9. Related Topics to Study Next

Topic Connection
Indian Space Policy 2023 Policy framework enabling private participation; directly governs IN-SPACe, NSIL, and FDI norms
Gaganyaan Mission India's first human spaceflight — largest single capital outlay within DoS; Prelims + Mains goldmine
Chandrayaan-3 & Chandrayaan-4 Demonstrates India's planetary science capability; Chandrayaan-4 targets sample return
NISAR Satellite India-NASA joint Earth observation mission; dual-use (agriculture, disaster management, defence)
IN-SPACe & Space Activities Bill Regulatory architecture for commercial space; pending legislation creates policy uncertainty
Artemis Accords & India's Space Diplomacy Situates India's space ambitions in the US-China geopolitical contest; bilateral space cooperation
NewSpace India Ltd. (NSIL) Commercial arm; key to monetisation of ISRO IP and launch services; model like DRDO-DPSU
Union Budget demand grants structure GS-III/Prelims: understanding Demand for Grants, Plan vs. Non-Plan (abolished), Capital vs. Revenue distinction

10. Common Errors / Trap Areas

  1. Wrong parent ministry: DoS is under the PM's Office, not the Ministry of Science & Technology (which handles DST, DBT, CSIR). A common MCQ trap.
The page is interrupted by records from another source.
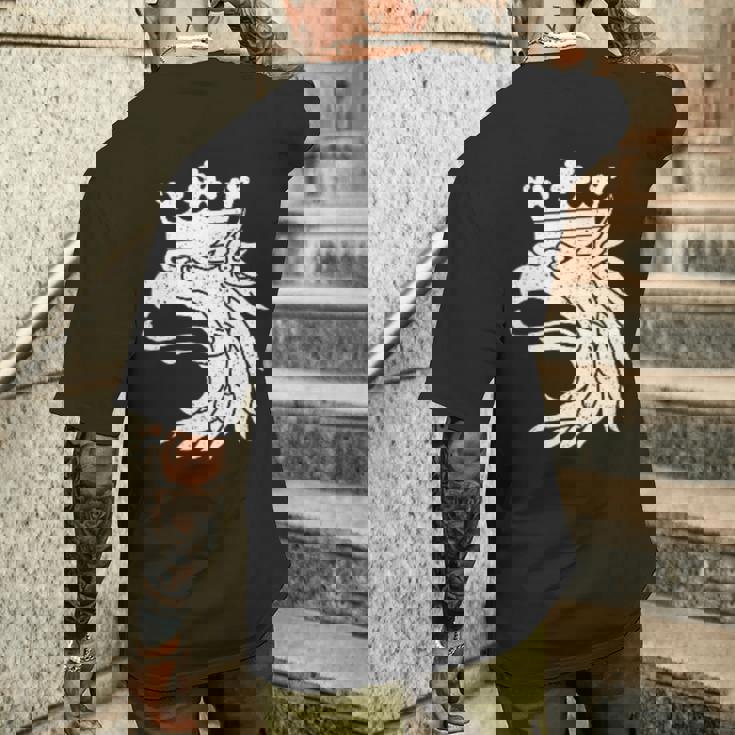 スカニア スウェーデン コート・オブ・アームズ フラッグ グリフィン メンズTシャツ バックプリント 彼への贈り物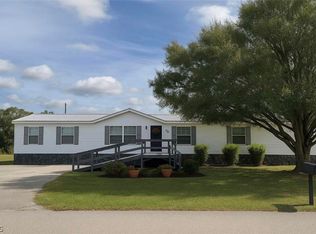 1086 Pine Ave, Moore Haven, FL 33471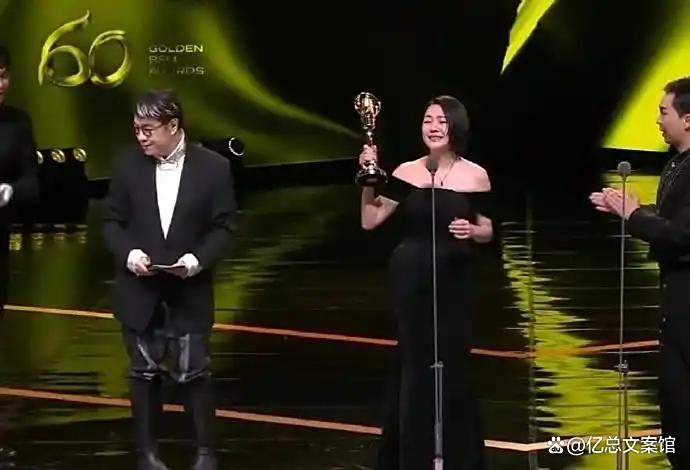 图三
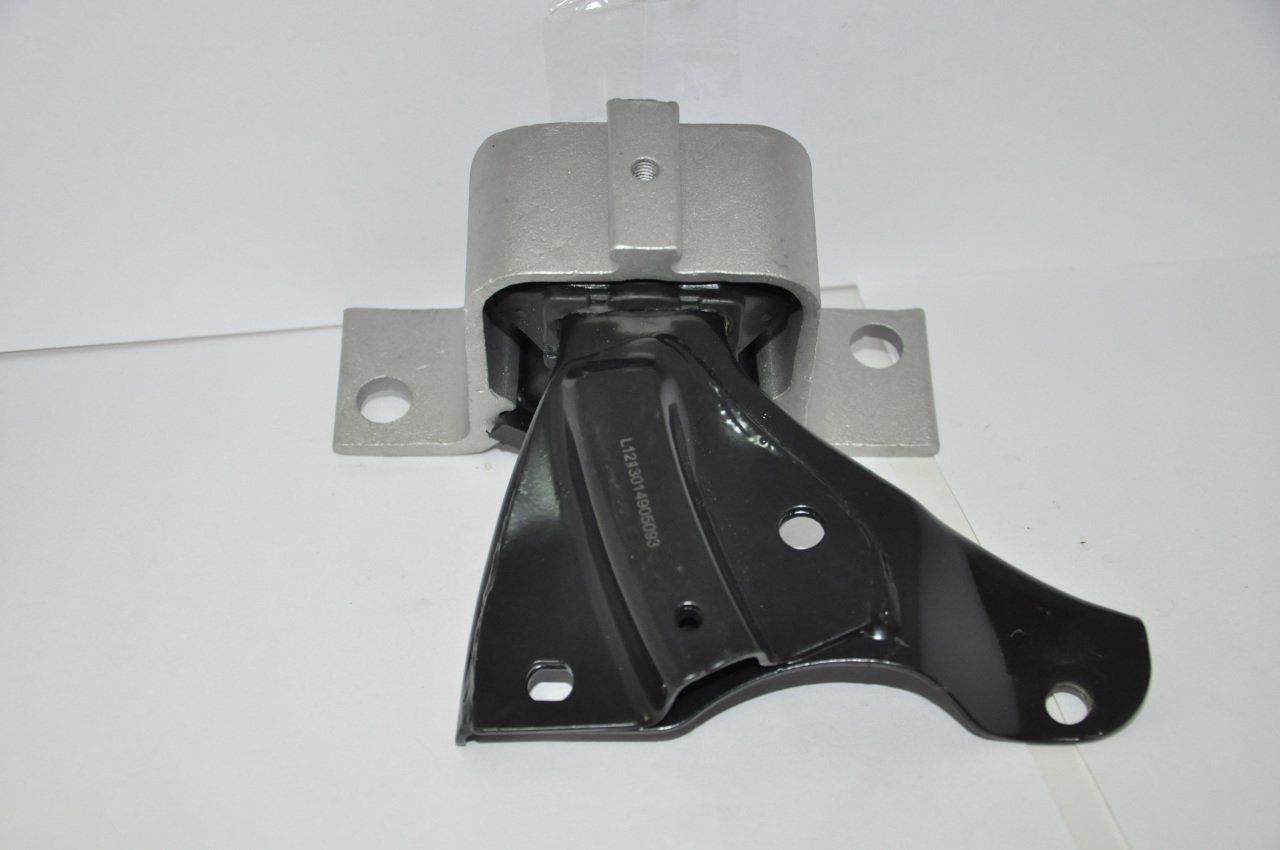 Sağ Motor Takozu 1.4-1.6 Dacıa Logan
  2. Confusing NSIL with Antrix: Antrix markets ISRO's services internationally (B2B); NSIL is the commercial SPV for end-to-end space services domestically — they are distinct entities.
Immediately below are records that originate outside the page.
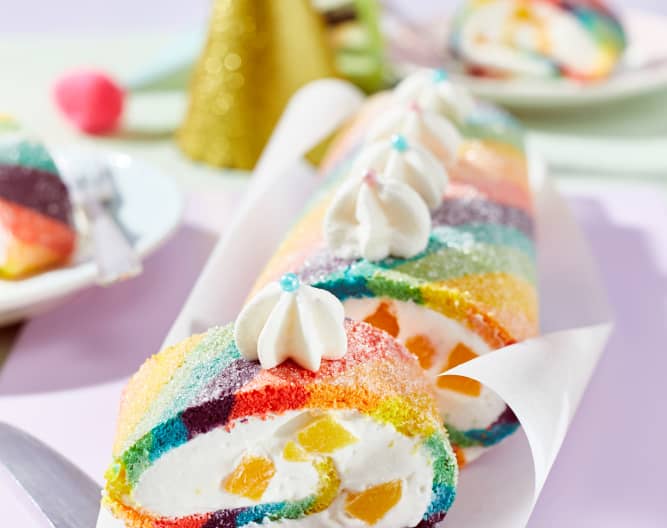 Regenbogen-Biskuitrolle mit Pfirsich-Quark-Füllung - Cookidoo® – the ...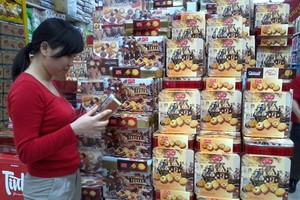 糖果餅乾是須檢查的春節食品之一。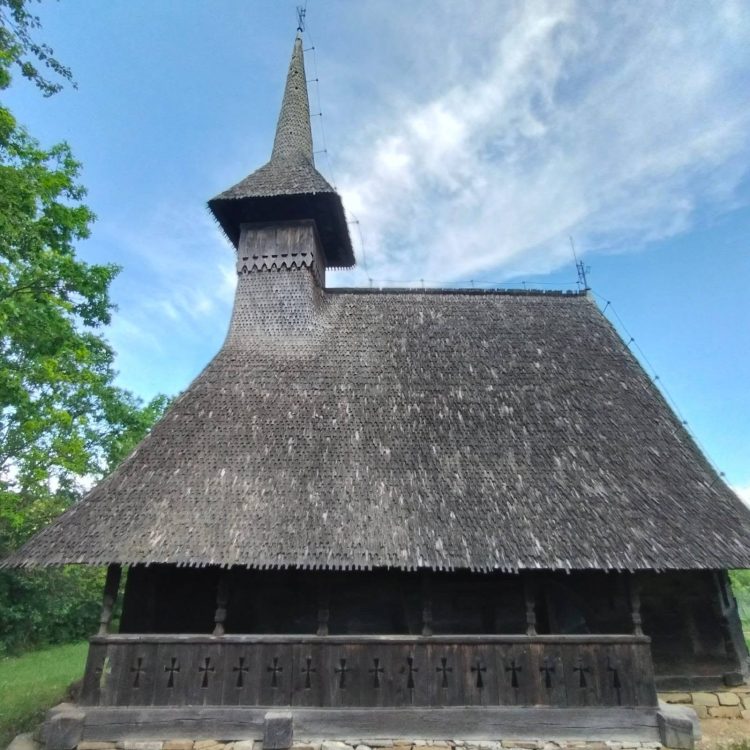 Biserica de lemn din Arduzel, o comoară a patrimoniului maramureșean cu o istorie fascinantă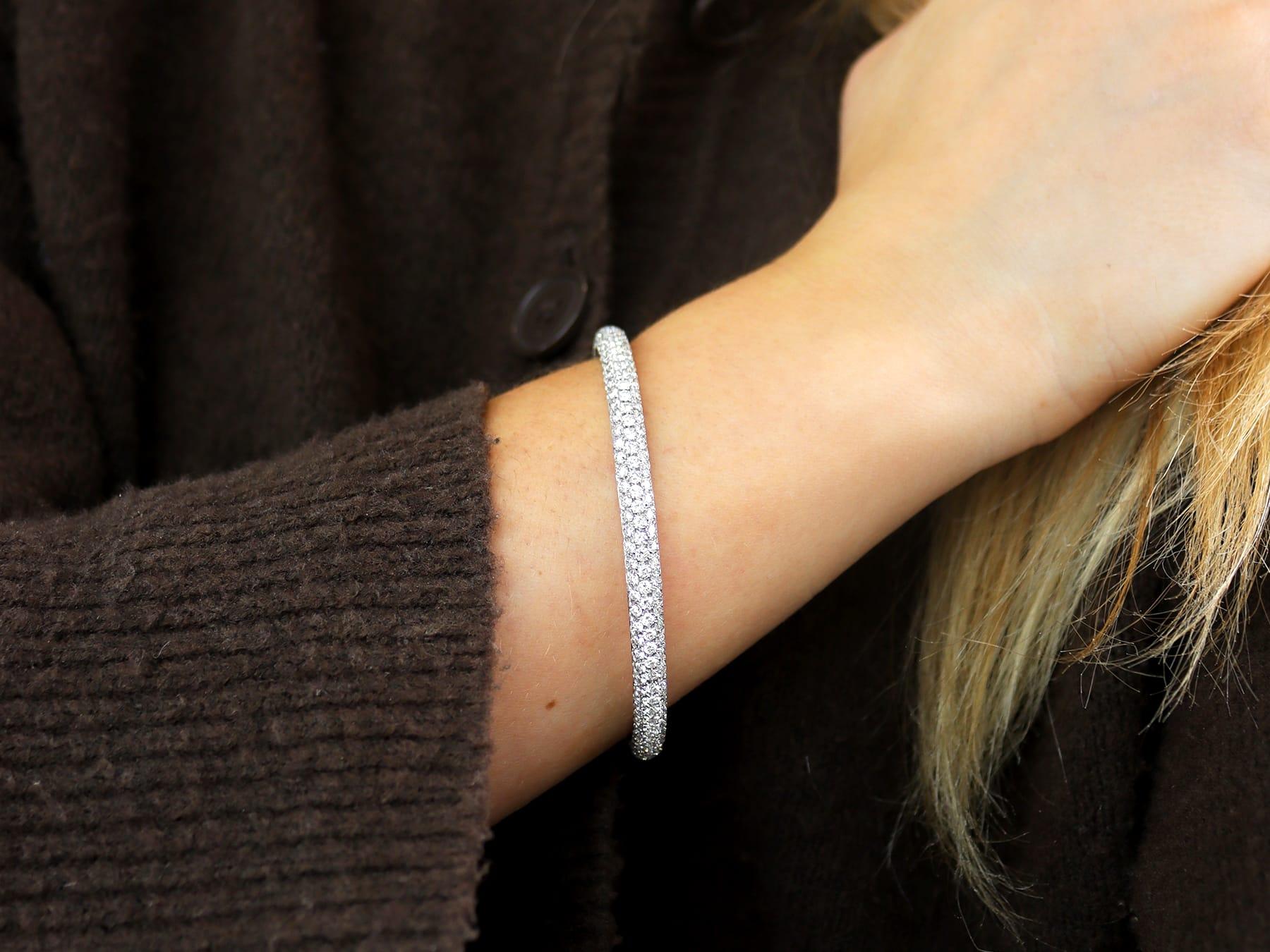 Taille ronde Bracelet jonc vintage en or blanc 18 carats et diamants de 8,80 carats en vente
  3. Overstating the budget hike: The 182% growth since 2012–13 is often quoted as "recent growth" — but most of it happened 2014–2019; the last five years have seen slow growth (~2%).
  4. Confusing IN-SPACe's role: IN-SPACe is both regulator and promoter of private space — a dual role that critics compare to pre-TRAI era telecom conflicts. Do not state it is purely a regulatory body.
  5. Missing the DoS projection vs. allocation gap: Aspirants often cite only the final ₹13,705 crore without noting that DoS sought ₹15,604 crore — the shortfall is analytically important for Mains answers on space sector constraints.